__ASSIGNMENT__
From the line containing "Armoire-dressing 2 portes" to the last line of the records, reproduce every line exactly and print nothing else.

───── MATERIAL PROVIDED

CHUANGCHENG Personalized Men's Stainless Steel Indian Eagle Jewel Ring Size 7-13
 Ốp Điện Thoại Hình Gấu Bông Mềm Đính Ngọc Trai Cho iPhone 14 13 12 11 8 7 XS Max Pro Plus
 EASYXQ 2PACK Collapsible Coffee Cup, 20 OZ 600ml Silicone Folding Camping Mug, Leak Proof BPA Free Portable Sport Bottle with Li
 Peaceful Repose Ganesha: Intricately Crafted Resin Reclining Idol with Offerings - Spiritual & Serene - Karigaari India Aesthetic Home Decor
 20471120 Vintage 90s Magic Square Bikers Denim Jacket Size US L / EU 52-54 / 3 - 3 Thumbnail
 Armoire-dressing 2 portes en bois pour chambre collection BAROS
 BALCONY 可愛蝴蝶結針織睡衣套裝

──────────

__RESPONSE__
 Armoire-dressing 2 portes en bois pour chambre collection BAROS
 BALCONY 可愛蝴蝶結針織睡衣套裝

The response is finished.